Supplier restrictions ‘important for national security’, says minister
Portugal’s minister of foreign affairs has reinforced Portugal’s firm “no to China” over a rethink in the policy for 5G.
In recent weeks we have heard that China ‘could threaten’ Portugal with retaliatory measures if the country doesn’t play ball.
We have also seen China warn that “breaking ties” only “harms the most vulnerable”.
For a country that has so many businesses tied up with Chinese stake-holders, this could be a hugely difficult situation. But, no, according to João Gomes Cravinho, who told journalists clamouring for information in the UK today, this matter is “non-negotiable”.
It is “an exclusively technical decision; a decision based on technical criteria using elements coming from the European Union”, he stressed.
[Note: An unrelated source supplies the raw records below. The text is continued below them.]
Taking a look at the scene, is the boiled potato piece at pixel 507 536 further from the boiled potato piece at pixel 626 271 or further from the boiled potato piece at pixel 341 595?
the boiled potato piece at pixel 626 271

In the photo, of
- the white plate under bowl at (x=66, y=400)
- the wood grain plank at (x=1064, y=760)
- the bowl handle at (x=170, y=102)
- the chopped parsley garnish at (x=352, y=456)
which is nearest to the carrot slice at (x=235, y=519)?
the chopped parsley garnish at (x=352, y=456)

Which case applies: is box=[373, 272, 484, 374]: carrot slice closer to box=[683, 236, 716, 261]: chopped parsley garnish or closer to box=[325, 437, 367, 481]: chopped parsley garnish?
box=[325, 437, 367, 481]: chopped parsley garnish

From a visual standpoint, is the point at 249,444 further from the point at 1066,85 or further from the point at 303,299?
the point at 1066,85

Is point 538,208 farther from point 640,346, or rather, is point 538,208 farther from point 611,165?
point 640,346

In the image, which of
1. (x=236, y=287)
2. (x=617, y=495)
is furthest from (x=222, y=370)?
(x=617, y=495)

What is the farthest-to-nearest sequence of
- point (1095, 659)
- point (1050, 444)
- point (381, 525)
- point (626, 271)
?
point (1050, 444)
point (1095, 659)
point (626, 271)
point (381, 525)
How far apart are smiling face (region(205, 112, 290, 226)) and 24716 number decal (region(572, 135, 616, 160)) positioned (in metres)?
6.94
The reason for the effective ban on Chinese suppliers (and any others, in fact, whose countries are not aligned with NATO/ OECD/ Europe or the United States) is the safeguarding of national security.
“We will always take the decisions that are important for safeguarding our security and our sovereignty, and in that matter, there is no negotiation possible,” he said.
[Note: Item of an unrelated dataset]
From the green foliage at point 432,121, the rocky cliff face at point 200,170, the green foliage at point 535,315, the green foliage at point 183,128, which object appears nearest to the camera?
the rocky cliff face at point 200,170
The European Commission has also said this week that the measures taken by 10 European Union (EU) member States to restrict / ban high-risk suppliers of fifth-generation (5G) mobile networks – such as Huawei and ZTE and others – were “justified and appropriate”.
The Commission has equally praised the findings of Portuguese authorities who have showed they see every reason to fall in line with Europe’s lead. “Threats have no place in Europe“, said a source for the Commission.
Despite the risk of tension now in relations with China, Gomes Cravinho stressed that Portugal continues to look to the Asian giant as “a partner in many, many matters“.
“We have a strong and old relationship with China, which over the years, over the centuries, has gone through several different moments, some easier, some more difficult”..
Indeed, the minister said he plans to visit China in late 2023 or early 2024.
He also said there is an ongoing dialogue on issues included in the agreement between Portugal and China on Macau’s return to Chinese sovereignty.
“We are satisfied with that dialogue, which does not mean that we are satisfied with all the points,” he stressed.